Jews, of course, do not deserve the courtesies of ‘intersectionality,’ because Jews, at least in Israel and the United States, have mostly escaped oppression and have been successful. They are generally seen as well-to-do in American society, and they have been not just successful, but conquerors in the Middle East. They have worked hard to become a part of the ‘First World,’ of Western civilization, the very thing that the left despise even as they partake of its wealth, education, and productivity. Like the guy sawing off the branch on which he’s seated, the left don’t seem capable of realizing that they are trying to undermine the very thing which has allowed them the culture, freedom, schools, wealth, and leisure to whine about oppression, while the truly oppressed, the vast majority living in Africa and in the Muslim countries — save for those in places like Kuwait, living off oil money — have to scratch out meager livings and risk their freedom and even their very lives to speak out on anything disapproved by their governments.
It’s not just the Jews, of course: there have been articles for years about Asian-Americans being a ‘model minority,’ ‘white-adjacent,’ because, like Jews, Asians in American society have mostly followed the same path, to work hard in school, to get the best grades, to win scholarships and admissions to the best colleges, and then work hard in college to get into the best graduate or professional schools, or get the best jobs upon graduation. The people who have, for the most part — obviously, not every Asian or Jewish person individually — done the right thing to be successful in a Western civilization nation have actually become reasonably successful, and the ‘intersectionalists’ hate them for it.
Why? After all, the ‘intersectionalists’ — is that really a word? — expect that everyone should have First Worls luxuries, wealth, and privilege, but they are utterly appalled that people are expected to actually work to achieve it.
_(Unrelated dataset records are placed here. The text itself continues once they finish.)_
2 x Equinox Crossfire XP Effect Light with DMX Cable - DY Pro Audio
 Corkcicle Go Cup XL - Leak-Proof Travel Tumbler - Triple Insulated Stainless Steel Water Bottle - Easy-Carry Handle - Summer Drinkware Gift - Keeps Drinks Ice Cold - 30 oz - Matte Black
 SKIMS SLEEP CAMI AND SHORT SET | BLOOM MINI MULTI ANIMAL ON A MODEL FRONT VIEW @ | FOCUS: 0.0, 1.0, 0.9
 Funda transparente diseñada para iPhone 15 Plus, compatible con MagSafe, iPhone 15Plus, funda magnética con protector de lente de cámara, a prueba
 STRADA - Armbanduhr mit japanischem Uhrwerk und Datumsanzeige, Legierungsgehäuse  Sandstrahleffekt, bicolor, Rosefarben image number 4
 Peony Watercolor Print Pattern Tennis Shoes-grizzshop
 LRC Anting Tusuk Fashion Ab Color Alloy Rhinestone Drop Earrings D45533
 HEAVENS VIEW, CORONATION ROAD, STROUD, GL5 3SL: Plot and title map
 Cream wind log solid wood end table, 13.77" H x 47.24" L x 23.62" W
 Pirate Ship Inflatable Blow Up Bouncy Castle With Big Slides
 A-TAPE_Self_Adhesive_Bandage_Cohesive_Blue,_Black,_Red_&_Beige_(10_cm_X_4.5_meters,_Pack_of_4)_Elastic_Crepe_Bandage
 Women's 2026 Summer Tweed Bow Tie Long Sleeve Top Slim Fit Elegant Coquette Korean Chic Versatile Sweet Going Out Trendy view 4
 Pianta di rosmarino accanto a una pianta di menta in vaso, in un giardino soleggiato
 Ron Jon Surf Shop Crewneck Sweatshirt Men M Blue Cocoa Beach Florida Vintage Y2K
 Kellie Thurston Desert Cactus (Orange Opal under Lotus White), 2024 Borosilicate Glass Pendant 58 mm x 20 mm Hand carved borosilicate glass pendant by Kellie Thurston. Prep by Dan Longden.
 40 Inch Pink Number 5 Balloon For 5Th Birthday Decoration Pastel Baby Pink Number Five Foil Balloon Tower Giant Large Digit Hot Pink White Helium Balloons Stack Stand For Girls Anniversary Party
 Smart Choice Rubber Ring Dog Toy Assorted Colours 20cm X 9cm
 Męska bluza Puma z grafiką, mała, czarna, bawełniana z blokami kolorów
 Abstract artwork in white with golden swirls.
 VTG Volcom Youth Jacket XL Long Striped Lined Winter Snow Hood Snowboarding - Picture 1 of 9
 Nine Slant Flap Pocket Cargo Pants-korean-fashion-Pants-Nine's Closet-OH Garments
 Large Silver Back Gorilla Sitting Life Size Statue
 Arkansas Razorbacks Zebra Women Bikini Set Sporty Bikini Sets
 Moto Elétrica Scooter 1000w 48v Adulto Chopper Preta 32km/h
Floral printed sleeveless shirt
It’s easy enough to think that if a white male is successful, he was successful because he is a white male and the recipient of some kind of unearned privilege. But when Jews, who have been mostly on the outs in white Christian society, are successful, or Asians, who are visibly not white, are successful, it shows that you don’t have to be a blue-eyed person of northern European descent to succeed, and that blows up their entire mindset.
In her final paragraph in the originally cited article, Inquirer reporter Maddie Hanna wrote:
Among other actions, the lawsuit asks the court to order Haverford to ensure that students are protected from discrimination on the basis of their Jewish identity, “including those for whom Zionism is an integral part of that identity,” and that it be ordered to provide education about antisemitism “which includes the hostile treatment of Jews who believe in the centrality of Israel to Judaism.”
That last would anger the Usual Suspects no end, but is it really an unequal request? After all, colleges are certainly not discriminating against those who are chanting support for Hamas and the Palestinians to not just ‘liberate’ Gaza, Judea, and Samaria, but to take over the land “From the River to the Sea,” meaning all of Israel.